– A ideia… perfeita… ando constantemente a persegui-la, a compor ou escrever, por vezes até sonho com ela e a coisa está a correr mesmo bem, depois acordo e já fugiu. Leonard Bernstein disse que todos os compositores, escritores, pintores, realizadores, etc, têm uma só única ideia em toda a vida, e passam o resto dos seus dias a recriar, transformar, dar novas perspectivas a essa mesma essência.
– Questiono-me se… ainda estará alguém acordado ou já adormeceu tudo com esta prosápia…
– Adoro… ser disruptivo, obrigar-me a pensar e aprender sempre mais. Adoro ostras, lavagante e espumante non-stop até vir o comunismo. Viver sempre com a constância de poder ser o último dia. Pode ser adrenalina, como quando acordo com os pés de fora, pego numa das minhas motos e arranco para uma serra cheia de curvas, e a dado momento, a meio de uma delas, o cotovelo a 10 cm do asfalto, ao acelerar ainda mais para a recta seguinte penso: “se apanhas algum atrasado mental distraído a trocar SMS a conduzir em contra-mão já foste”. Ou pode ser pura e simplesmente passar o dia inteiro no sofá debaixo de uma manta com a minha amada e o gato a ver todas as temporadas do Gumball. Adoro estar vivo. Mas não temo já cá não estar amanhã.
– Lembro-me tantas vezes… tenho uma memória, em geral, muito precisa. Mais do que não esquecer algum mal que me façam, nunca esqueço o bem, pode ser um mero grão de trigo, mas sou grato para a vida. Dito isto, não sou saudosista nem passo tempo a olhar para trás.
– Desejo secretamente… não tenho desses segredos. Aquilo que desejo na vida está às claras…Bem, um amigo sugeriu-me uma orgia com anões… talvez não fosse mal pensado, com ambiente David Lynch, e se fosse na Comporta e também lá estivesse aquele senhor das compotas da DGS…Outra hipótese, por uns meses talvez, isolar-me do mundo, ir para o meio da serra com um rebanho de cabras, uma resma de papel em branco e um lápis, rodeado de granitos e urzes. Não diria replicar o Ti Zé Pastor dos “Simples” do Guerra Junqueiro, pois sei de um amigo nosso que ainda hoje está proibido de se aproximar de Freixo de Espada À Cinta porque, inspirado por Camilo Castelo Branco, confundiu os conceitos de pastor e rebanho e teve um caso com uma ovelha. Sentiam-se sozinhos, coitados, não vamos julgar sem ouvir todos os intervenientes…

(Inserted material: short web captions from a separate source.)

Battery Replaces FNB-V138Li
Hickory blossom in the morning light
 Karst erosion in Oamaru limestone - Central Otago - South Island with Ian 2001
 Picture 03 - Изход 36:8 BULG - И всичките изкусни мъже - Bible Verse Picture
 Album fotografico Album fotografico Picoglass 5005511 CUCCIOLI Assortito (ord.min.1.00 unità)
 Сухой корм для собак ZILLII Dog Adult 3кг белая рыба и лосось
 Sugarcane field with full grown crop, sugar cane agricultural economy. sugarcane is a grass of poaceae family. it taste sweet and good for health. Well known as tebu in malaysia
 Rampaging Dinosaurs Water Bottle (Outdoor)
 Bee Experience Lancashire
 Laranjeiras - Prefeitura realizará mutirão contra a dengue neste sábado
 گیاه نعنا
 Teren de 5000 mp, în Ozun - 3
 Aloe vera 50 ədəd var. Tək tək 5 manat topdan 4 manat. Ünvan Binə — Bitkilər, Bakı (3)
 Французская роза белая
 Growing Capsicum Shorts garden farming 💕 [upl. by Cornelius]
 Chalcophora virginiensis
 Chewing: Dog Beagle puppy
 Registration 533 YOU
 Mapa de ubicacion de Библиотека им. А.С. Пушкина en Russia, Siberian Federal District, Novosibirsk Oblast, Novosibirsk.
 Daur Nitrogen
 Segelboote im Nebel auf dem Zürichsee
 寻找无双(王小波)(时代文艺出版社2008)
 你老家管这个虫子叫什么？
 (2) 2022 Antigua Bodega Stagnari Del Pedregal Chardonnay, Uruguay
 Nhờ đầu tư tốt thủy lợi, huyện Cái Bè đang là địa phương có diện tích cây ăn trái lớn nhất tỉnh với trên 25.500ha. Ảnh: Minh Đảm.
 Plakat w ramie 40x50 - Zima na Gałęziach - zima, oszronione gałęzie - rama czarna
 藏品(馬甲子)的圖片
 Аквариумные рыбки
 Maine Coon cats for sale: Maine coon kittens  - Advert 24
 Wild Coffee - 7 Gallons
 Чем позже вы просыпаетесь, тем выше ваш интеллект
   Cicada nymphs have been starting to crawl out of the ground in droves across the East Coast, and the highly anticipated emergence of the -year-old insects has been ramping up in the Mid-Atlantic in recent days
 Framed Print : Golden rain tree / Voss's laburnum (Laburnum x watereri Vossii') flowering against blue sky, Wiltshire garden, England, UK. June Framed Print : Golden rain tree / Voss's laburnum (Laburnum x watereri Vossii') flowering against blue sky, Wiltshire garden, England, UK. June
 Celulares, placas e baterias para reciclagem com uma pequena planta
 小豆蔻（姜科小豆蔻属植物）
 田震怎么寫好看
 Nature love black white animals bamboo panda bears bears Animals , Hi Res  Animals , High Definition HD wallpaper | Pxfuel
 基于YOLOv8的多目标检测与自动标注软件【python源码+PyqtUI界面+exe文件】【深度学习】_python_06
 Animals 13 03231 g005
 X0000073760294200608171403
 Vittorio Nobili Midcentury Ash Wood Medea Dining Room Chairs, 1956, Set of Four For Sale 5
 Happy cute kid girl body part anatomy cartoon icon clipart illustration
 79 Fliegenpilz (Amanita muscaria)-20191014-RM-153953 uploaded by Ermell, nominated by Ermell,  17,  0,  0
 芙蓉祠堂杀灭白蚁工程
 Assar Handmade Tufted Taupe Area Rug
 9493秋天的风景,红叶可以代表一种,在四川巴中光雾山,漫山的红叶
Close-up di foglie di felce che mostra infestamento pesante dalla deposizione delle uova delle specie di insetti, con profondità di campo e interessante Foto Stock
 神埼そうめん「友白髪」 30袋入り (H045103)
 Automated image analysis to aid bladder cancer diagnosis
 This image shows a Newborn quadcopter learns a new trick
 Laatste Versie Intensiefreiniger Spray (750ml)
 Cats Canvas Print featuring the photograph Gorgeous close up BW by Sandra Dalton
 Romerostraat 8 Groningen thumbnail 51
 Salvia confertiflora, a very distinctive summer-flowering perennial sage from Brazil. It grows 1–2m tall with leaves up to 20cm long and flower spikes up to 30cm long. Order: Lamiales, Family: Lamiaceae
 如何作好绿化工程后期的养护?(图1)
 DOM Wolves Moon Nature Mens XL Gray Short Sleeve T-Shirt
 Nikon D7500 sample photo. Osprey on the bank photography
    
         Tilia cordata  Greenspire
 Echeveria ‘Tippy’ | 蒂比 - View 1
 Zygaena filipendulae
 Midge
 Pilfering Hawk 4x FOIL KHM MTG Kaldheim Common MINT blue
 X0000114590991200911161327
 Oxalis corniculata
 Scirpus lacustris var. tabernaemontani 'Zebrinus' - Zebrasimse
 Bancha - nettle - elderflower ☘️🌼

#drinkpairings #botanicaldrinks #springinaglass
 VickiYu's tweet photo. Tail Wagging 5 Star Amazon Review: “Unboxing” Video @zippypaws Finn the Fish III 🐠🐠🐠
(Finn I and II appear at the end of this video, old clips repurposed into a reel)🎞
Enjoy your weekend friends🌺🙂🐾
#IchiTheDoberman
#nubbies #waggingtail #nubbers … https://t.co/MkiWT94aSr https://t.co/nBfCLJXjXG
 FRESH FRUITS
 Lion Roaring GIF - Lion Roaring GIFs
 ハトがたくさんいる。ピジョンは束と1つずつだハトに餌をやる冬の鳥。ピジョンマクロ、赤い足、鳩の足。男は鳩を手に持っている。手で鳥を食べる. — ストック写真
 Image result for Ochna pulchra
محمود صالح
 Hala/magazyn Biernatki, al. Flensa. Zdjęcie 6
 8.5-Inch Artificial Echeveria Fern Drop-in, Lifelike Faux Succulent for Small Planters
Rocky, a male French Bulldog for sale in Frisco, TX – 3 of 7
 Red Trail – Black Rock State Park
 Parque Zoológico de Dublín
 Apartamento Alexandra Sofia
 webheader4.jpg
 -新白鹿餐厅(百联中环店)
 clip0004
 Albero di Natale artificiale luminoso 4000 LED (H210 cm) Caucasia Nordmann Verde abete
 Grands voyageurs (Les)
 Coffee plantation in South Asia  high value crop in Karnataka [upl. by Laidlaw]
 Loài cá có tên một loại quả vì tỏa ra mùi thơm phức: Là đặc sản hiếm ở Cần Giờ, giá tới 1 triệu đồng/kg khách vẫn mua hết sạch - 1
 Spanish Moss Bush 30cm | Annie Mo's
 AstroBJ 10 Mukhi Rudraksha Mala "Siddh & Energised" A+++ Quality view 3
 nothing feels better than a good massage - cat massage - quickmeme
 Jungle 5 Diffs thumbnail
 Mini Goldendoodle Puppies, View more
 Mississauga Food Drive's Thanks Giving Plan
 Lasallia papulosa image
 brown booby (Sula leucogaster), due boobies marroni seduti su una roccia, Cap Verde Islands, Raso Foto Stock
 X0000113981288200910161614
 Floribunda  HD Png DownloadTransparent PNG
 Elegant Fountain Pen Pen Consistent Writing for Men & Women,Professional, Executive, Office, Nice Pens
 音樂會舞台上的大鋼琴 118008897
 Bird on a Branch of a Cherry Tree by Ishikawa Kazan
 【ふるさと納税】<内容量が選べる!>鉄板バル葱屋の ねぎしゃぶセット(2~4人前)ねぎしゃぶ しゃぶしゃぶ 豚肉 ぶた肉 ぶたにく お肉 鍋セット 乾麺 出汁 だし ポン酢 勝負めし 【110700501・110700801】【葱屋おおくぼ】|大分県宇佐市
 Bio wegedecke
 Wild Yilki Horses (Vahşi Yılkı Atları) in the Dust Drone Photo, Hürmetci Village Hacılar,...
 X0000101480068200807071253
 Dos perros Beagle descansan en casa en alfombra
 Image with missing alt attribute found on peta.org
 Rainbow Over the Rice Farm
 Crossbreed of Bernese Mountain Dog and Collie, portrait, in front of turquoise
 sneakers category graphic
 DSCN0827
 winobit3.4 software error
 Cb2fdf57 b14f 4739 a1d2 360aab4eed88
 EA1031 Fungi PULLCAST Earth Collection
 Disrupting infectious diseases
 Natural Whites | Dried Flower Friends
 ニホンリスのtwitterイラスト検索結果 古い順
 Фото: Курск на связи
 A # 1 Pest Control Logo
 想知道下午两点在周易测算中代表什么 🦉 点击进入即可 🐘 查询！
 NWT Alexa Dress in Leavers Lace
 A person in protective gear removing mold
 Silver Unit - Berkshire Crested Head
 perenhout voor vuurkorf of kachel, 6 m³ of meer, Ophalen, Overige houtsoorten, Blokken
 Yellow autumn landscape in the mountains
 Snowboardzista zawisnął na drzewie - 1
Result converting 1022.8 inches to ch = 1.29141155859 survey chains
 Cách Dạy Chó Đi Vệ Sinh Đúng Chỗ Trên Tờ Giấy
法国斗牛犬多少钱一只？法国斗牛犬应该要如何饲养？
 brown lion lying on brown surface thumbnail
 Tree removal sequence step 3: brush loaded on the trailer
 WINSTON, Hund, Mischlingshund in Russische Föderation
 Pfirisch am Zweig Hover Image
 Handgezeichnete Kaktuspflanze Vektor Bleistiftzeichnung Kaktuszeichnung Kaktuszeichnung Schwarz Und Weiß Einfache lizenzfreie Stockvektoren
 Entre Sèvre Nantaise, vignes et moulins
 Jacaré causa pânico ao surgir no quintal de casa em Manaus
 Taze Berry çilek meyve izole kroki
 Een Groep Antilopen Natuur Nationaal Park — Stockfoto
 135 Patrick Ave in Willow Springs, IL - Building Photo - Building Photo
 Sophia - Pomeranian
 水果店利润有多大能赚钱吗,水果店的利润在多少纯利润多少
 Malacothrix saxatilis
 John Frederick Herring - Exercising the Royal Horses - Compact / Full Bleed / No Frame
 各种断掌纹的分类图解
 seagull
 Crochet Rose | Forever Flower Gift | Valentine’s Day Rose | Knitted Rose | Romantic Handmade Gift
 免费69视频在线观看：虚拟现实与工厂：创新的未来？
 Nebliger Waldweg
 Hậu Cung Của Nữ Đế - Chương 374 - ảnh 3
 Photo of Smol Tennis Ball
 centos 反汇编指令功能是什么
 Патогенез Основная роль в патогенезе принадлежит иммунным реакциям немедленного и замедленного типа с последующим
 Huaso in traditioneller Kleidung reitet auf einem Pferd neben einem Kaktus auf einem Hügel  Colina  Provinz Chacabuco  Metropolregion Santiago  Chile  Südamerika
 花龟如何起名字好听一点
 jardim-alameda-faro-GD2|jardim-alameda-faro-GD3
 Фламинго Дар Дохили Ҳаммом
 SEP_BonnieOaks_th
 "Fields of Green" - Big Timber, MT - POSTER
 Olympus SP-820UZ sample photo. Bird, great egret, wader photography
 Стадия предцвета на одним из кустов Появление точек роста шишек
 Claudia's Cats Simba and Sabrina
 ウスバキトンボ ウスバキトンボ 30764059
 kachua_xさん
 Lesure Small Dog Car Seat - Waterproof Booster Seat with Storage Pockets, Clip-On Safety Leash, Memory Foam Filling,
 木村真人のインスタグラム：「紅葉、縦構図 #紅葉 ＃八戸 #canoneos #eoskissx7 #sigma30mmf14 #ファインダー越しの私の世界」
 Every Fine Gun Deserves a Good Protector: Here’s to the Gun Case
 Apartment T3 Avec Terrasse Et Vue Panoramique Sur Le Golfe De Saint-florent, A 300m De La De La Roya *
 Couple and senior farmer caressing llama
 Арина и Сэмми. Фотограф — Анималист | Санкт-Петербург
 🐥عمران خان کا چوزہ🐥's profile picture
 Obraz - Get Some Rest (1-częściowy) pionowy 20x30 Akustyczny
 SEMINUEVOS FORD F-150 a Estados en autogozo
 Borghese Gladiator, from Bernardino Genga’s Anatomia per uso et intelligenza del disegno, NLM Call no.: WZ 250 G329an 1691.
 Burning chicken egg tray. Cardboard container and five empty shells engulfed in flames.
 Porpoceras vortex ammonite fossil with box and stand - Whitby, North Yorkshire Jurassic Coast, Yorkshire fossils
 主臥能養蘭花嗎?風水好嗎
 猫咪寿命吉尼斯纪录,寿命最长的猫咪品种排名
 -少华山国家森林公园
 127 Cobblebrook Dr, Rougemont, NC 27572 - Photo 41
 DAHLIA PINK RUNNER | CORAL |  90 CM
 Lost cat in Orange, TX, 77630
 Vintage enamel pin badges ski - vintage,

– Tenho saudades… do meu pai, é a única excepção em relação a não passar tempo a olhar para trás. Desde que morreu, lembro-me dele com frequência, não tanto pela saudade, mas mais por me rever nele em certos aspectos, e nunca ter dado conta antes.
– Sinto vergonha alheia… dos “profissionais” das artes e da cultura que não têm brio, que são canhestros, vendem banha da cobra, que não têm integridade, que são desonestos, profissional, artística ou intelectualmente. Na música, teatro, letras, belas artes, fotografia, cinema, em todos os “métiers” da cultura e das artes ninguém se mete por acaso, ninguém vem ao engano, é uma escolha vocacional. Se não consegues atingir objectivos, o nível a que aspiras ou dos teus pares para te poderes intitular, pára e muda de carreira. Permanecer e viver à custa da arte, em nome da arte enganar o público e descer a bitola, essa é a minha vergonha alheia. É óbvio que aplicando isto a todas as outras profissões/funções do planeta, e juntando o Princípio de Peter, aí diria que tenho vergonha alheia da humanidade, no que toca a medíocres e oportunistas.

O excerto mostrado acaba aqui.